11. Pour débouter la salariée de sa demande de nullité du licenciement et de dommages-intérêts pour harcèlement moral, l'arrêt, après avoir constaté que le grief relatif au management particulièrement agressif et intimidant de l'employeur était matériellement établi, retient que cette attitude ne relève pas du harcèlement moral dès lors que l'employeur avait des griefs professionnels fondés à formuler à l'encontre de la salariée.
12. En statuant ainsi, alors qu'elle constatait l'existence d'un management agressif et intimidant, la cour d'appel a violé les textes susvisés.
Portée et conséquences de la cassation
13. La cassation des chefs de dispositif visés par le second moyen n'emporte pas celle des chefs de dispositif de l'arrêt déboutant l'employeur de sa demande de paiement d'une somme en application de l'article 700 du code de procédure civile et le condamnant à payer à la salariée une somme sur ce même fondement, justifiés par d'autres condamnations prononcées à l'encontre de celui-ci.

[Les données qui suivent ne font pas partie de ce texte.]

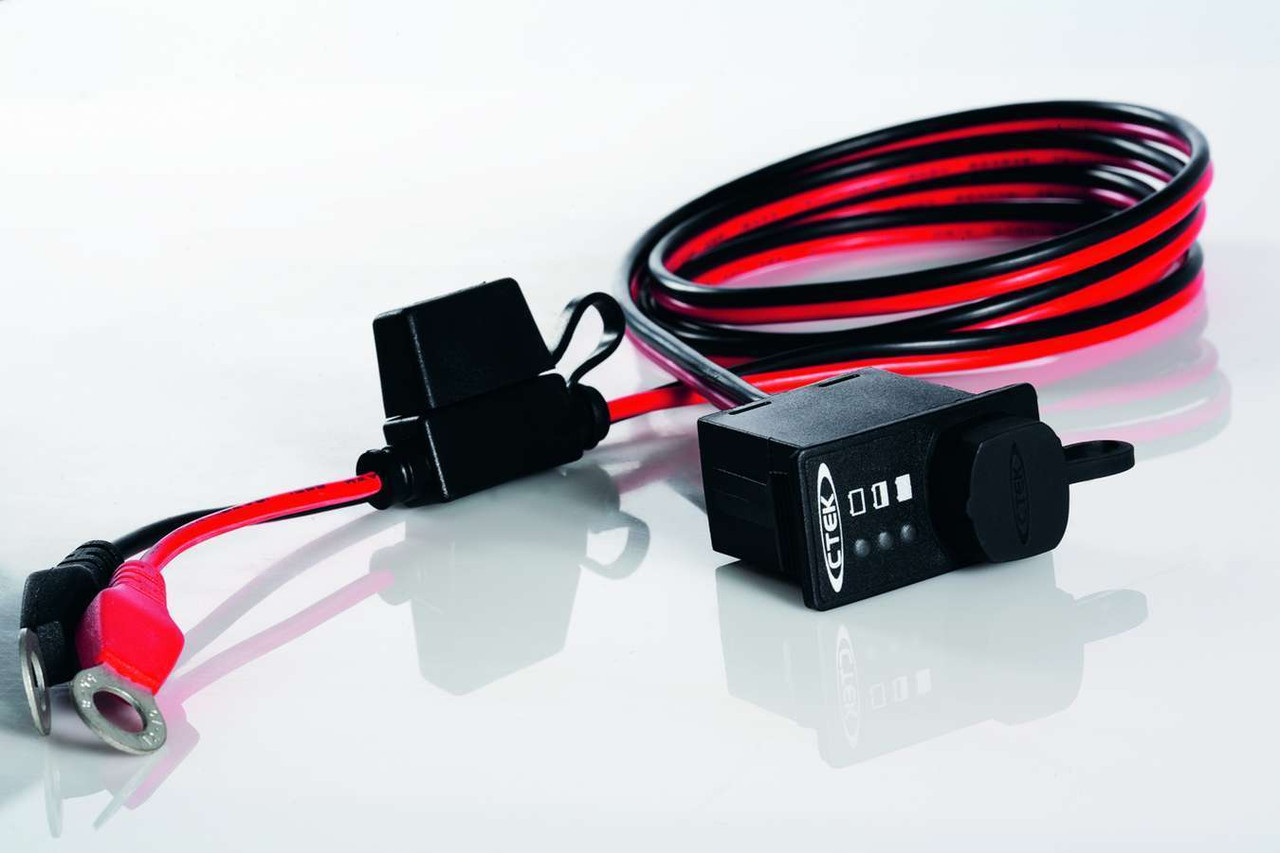 Ctek Comfort Indicator Panel 56-380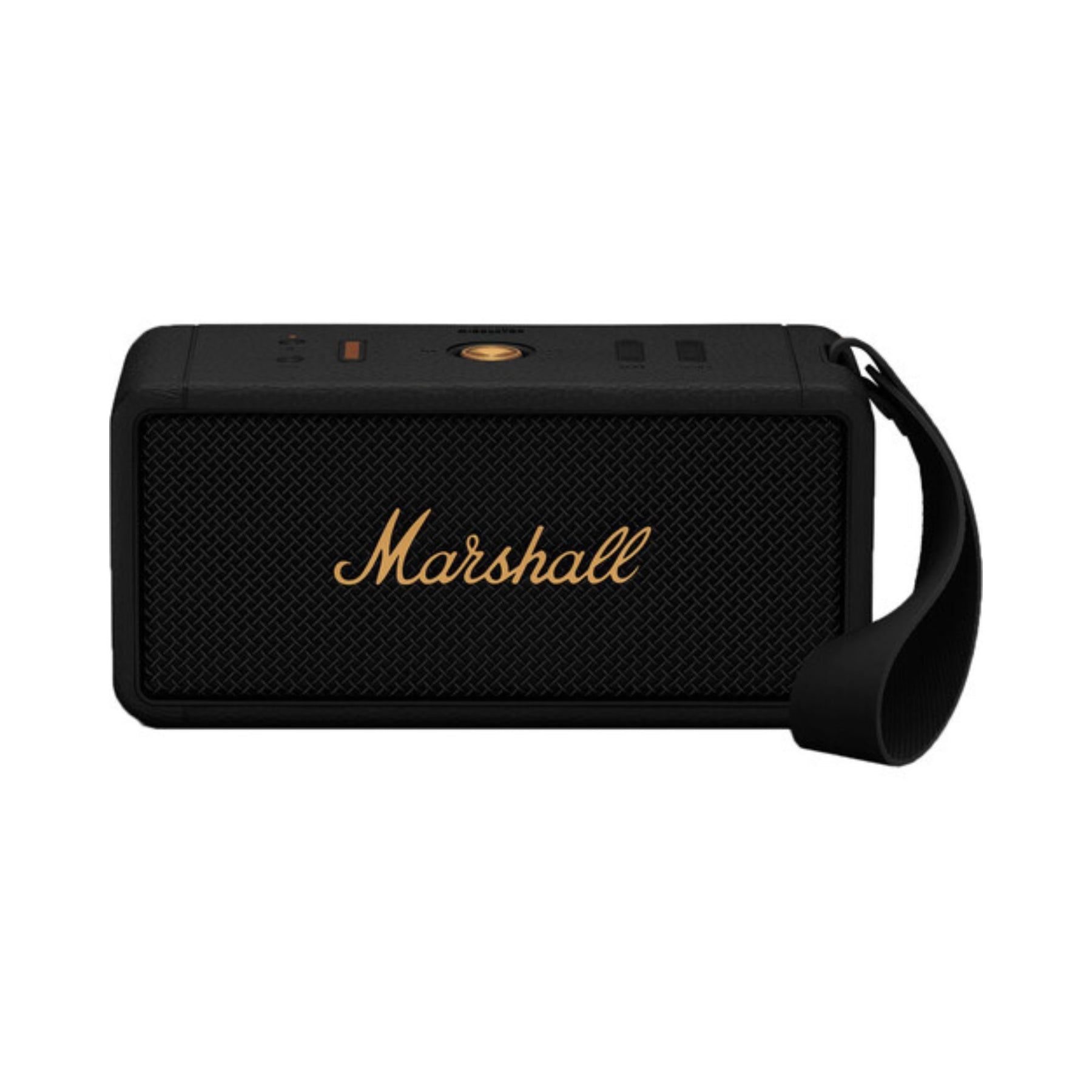 Marshall Middleton with quad-speaker setup launched in India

PAR CES MOTIFS, et sans qu'il y ait lieu de statuer sur les autres griefs, la Cour :
CASSE ET ANNULE, mais seulement en ce qu'il déboute Mme [F] de sa demande de nullité du licenciement pour harcèlement moral et de ses demandes en paiement d'une indemnité compensatrice de préavis, d'une indemnité de licenciement, et de dommages-intérêts pour licenciement nul et harcèlement moral, l'arrêt rendu le 24 octobre 2024, entre les parties, par la cour d'appel de Versailles ;
Remet, sur ces points, l'affaire et les parties dans l'état où elles se trouvaient avant cet arrêt et les renvoie devant la cour d'appel de Versailles autrement composée ;
Condamne la société Safexis Europe aux dépens ;
En application de l'article 700 du code de procédure civile, rejette la demande formée par la société Safexis Europe et la condamne à payer à Mme [F] la somme de 3 000 euros ;
Dit que sur les diligences du procureur général près la Cour de cassation, le présent arrêt sera transmis pour être transcrit en marge ou à la suite de l'arrêt partiellement cassé ;
Ainsi fait et jugé par la Cour de cassation, chambre sociale, et prononcé publiquement le vingt et un janvier deux mille vingt-six par mise à disposition de l'arrêt au greffe de la Cour, les parties ayant été préalablement avisées dans les conditions prévues au deuxième alinéa de l'article 450 du code de procédure civile.